Sideline sports reporting may be difficult and grueling, but it is also superfluous. The only thing keeping me from screaming "Get the camera back on the goddamn field" is the cleavage of the reporter. 'Cause what she's saying usually means zip.
Listen Suzy, stick with fake fake boobs. Victoria's and Fredrick's stock plenty of those falsies and other tacky tack gear if more secondary sexual characteristics are desired. Real fake surgical boobs only look good under clothing, and even cable sportcasts are careful to avoid actual exposure.
Bad hair can be forgiven since the field based women are out in the weather. They have a short time to give specific information about an important game element such as an injured player, unlike their male counterparts in the broadcasting booth who must fill any and all audio voids as a one hour game takes three hours to play.
Short rant: There are far too many: sportcastercommentors jabbering incessantly about anything but what those folks on the field are doing; electronic graffiti all over the screen; distracting scene cutting to camera 2, camera 5, camera bazillion, and so on; commercials, and their bastard spawn, the TV time out; celeb. interviews in the booth, with four other guys trying not to look doofus wearing headphones and bad neckties. Call me a retrogrouch. Just show the teams playing the game. Viewers could figure out what the teams were doing if there was not so very much interference. End rant.
Suzy:
Glad you enjoyed it, although I thought the fair and balanced comment was funnier.
I can't help it, whenever I see an American women with extra size boobs the first thought coming into my mind is silicone. But if she is plump then it's hamburger and hotdog fat.
If it's about talent, why is every statment a cliche and why are there no unattractive sportscasters?
Not buying it, Ms. Shuster.
Your pseudo outrage rings as hollow as many of the heads that posted the 8th grade comments you cited.
The objectification of people in the public eye of both genders takes place in the media daily. Just yesterday, Matt Damon was named People Magazine's "Sexiest Man of the Year".
Did you write the editors a terse letter?
The fact of the matter is that you, and the other women, are hired to relate sports stories to PRIMARILY a specific demographic; MALES, 18 to 49 (or something like that), and like it or not, your looks will always be noticed first before your journalistic skills.
You're complaining about a gender that is visually oriented first, intellectually second.

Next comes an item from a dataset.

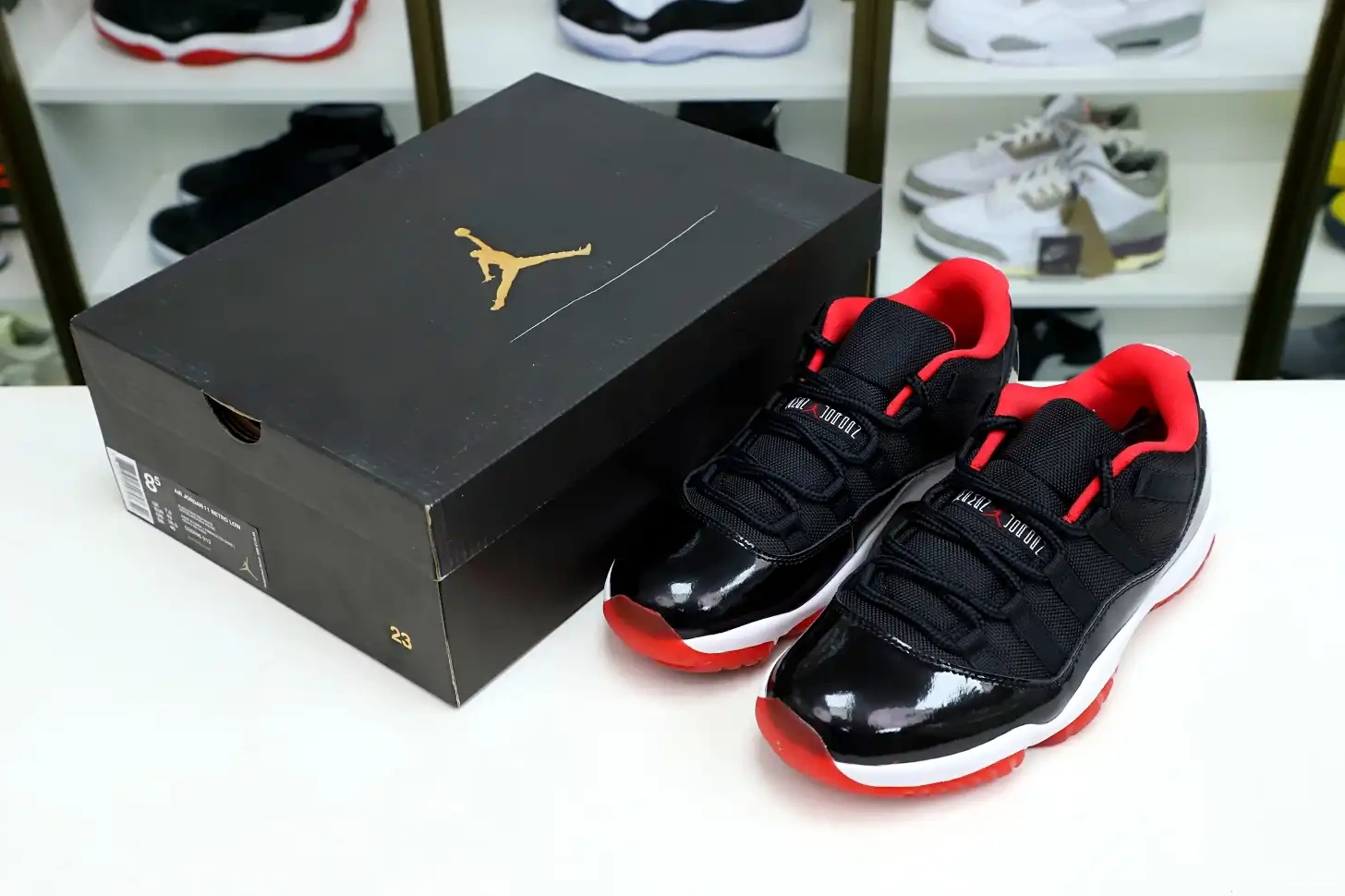 BRED JORDAN LOW Kimikick AIR RETRO 11 0207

I refuse to believe that you didn't go into the business with any notion other than that. Perhaps you naively hoped to change the mind set once you demonstrated your knowledge and skills on camera, but you knew in the beginning where you stood. Clearly, you are not stupid.
Mind you, I am not saying that it's right, and for my money, Bonnie Bernstein and Jeanne Zelasko are rock solid sports journalists and as good as any male on TV.

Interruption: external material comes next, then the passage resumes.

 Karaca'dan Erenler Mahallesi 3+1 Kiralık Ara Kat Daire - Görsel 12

But they're pretty damned hot too.
That's the major problem with this country, Suze... we don't see enough boobs on the tube. If only women will bare it all, all the time, thus dispense with the mystery, the typical male will be pacified. Have you ever heard of violence or perversion at a nudist colony?

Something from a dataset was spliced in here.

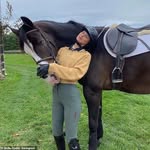 🤲🤲 - @sienna.barlowe14 - Instagram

Conclusion: It's in women's collective self-interest to walk around naked. Peace.
Suzy, you probably know better than anyone how slowly the wheel of progress moves. At least they no longer say that only women of questionable social standing go to ball games (ref. Ken Burns's "Baseball" documentary). My husband has no idea what a 6-4-3 double play is (and he looks at me like I'm insane when I'm screaming at the screen when I watch my beloved Red Sox), but I did when I was 7 years old. I bet you did, too. Thanks for jumping the fence.
Sorry Suzy, but addiction to boobs comes with the hormones. Some guys handle it with grace and discretion, some do not. I have seen many rankings of the hottest man-hunks in sports, TV, movies, politics, etc., just not in Playboy, which clearly states it is Entertainment For Men. Try Cosmo or some other venue. I have been a reporter and I do appreciate good reporting, man or woman. But I still heart boobies. Seriously. And that’s the way it is.